Rufo himself has his own qualification issues: He was caught listing himself as the recipient of a Master’s Degree from Harvard University when his certificate was actually issued by the Harvard Extension School, an online degree mill with few standards for admittance. Again, there’s nothing wrong with a degree from that school, but Rufo clearly mislabeled it to exaggerate his own academic credentials.
Neither of these things matter to Gov. Ron DeSantis, who appointed both men to install conservative ideology at New College and throughout the rest of Florida’s public college system, academic integrity be damned.
As for Bill Ackman, the bloviating billionaire who most actively hounded Claudine Gay, he’s spent the entire weekend self-immolating thanks to a terrible temper and a terrible memory. Ackman was apoplectic after Business Insider published a story about his wife Neri Oxman's penchant for copying and pasting Wikipedia articles in her doctoral dissertation, and on Saturday night, he published his own psychotic mini-dissertation threatening every MIT professor and Ivy League academic with AI plagiarism scans.

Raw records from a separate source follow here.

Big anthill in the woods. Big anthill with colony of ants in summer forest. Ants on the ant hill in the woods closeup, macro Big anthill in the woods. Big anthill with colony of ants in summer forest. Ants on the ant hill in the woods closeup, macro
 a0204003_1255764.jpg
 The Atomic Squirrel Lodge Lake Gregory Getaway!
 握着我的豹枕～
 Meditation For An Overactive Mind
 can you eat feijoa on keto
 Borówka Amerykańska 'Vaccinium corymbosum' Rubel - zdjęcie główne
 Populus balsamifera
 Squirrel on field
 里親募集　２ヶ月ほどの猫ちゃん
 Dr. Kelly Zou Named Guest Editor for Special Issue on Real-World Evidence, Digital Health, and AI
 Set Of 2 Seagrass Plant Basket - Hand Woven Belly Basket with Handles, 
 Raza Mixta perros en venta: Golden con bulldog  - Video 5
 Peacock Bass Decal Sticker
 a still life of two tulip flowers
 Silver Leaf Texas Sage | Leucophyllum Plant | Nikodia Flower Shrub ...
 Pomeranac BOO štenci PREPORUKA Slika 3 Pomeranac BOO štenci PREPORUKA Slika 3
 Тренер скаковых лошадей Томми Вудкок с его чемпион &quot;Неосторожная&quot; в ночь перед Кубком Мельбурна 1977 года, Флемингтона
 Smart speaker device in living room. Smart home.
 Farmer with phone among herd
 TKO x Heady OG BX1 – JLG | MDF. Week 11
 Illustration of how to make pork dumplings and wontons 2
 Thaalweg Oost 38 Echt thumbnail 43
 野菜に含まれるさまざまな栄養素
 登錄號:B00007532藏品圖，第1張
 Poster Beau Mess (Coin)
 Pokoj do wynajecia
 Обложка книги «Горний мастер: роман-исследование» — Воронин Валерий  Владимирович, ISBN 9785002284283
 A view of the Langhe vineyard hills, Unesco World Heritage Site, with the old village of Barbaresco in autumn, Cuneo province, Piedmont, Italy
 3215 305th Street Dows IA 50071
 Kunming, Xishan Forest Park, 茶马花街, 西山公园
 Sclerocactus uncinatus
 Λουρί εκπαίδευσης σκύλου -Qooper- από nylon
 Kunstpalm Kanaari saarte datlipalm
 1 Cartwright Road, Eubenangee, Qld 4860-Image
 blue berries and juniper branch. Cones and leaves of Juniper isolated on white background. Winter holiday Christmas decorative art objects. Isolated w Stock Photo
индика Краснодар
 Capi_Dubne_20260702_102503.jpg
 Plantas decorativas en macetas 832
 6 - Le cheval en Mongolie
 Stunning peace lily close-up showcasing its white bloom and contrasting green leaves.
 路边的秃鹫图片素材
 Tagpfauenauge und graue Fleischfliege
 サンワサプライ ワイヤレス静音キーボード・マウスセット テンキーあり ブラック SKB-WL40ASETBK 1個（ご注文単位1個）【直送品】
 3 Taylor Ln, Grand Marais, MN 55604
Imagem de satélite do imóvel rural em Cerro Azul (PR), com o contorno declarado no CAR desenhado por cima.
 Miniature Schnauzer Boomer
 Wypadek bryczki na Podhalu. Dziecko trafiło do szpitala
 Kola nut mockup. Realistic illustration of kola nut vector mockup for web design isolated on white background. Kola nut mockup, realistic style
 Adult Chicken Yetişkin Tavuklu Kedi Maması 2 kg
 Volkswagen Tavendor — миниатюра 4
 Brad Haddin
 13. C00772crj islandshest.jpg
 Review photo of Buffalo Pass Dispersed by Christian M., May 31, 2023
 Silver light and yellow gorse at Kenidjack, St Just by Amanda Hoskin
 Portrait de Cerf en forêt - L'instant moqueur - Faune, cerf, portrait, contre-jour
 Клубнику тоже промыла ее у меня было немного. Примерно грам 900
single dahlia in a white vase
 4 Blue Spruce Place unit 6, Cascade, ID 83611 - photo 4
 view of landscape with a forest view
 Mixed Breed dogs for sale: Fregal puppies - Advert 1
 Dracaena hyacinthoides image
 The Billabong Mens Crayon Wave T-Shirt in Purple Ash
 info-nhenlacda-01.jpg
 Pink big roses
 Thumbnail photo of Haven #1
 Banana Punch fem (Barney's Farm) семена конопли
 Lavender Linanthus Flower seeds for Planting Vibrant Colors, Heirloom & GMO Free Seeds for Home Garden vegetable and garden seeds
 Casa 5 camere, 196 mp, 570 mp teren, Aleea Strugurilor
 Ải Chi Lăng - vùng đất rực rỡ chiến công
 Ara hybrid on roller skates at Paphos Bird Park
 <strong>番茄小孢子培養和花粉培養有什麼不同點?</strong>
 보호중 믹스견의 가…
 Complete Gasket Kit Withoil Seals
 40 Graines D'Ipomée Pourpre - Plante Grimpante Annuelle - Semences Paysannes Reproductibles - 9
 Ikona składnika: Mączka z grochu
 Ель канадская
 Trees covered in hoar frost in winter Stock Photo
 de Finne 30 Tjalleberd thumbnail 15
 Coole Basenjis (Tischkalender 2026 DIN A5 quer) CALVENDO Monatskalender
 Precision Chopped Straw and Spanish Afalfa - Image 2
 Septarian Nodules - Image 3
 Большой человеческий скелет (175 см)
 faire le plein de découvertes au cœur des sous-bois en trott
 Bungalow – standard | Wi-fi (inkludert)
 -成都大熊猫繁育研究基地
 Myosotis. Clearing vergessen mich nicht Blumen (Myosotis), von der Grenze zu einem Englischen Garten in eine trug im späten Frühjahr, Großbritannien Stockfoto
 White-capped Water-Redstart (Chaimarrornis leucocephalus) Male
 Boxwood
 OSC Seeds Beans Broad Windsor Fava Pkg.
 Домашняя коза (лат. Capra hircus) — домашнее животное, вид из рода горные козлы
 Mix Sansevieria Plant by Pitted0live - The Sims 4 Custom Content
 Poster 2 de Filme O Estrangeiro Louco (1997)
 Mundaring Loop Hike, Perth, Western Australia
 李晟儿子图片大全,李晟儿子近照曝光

If it’s transparency at these institutions that Ackman wants, well, then transparency he will get. It didn’t take long for me to dig up a scandal at MIT that he tried to cover up himself, and one far more serious than some lifted passages.
In 2015, Oxman and several other professors hosted Jeffrey Epstein at the MIT Media Lab, a visit that netted her program donations that added up to $125,000 — donations that MIT sought to keep secret, afraid that their association would be seen as a helping hand in rehabbing his image. Oxman acknowledged Epstein’s shadiness — she even received an email from a student calling him exactly that — and agreed to keep things under wraps.
After Epstein was found dead in his jail cell and reporters came knocking at MIT, Ackman took charge of his wife’s responses; she’d just given birth a few months earlier, and he had very specific plans that amounted to “cover it all up.”
“I don’t want to see her forced into a position where to protect her name she is required to be transparent about everything that took place at MIT with Epstein,” Ackman wrote in an email to the head of the Media Lab. “Once her name appears in the press, she will face a barrage of questions, and anything other than perfect transparency to the media will make her look like she is hiding something. This has regretfully become a witch hunt.”
A witch hunt, you don’t say — Bill Ackman hates those, doesn’t he?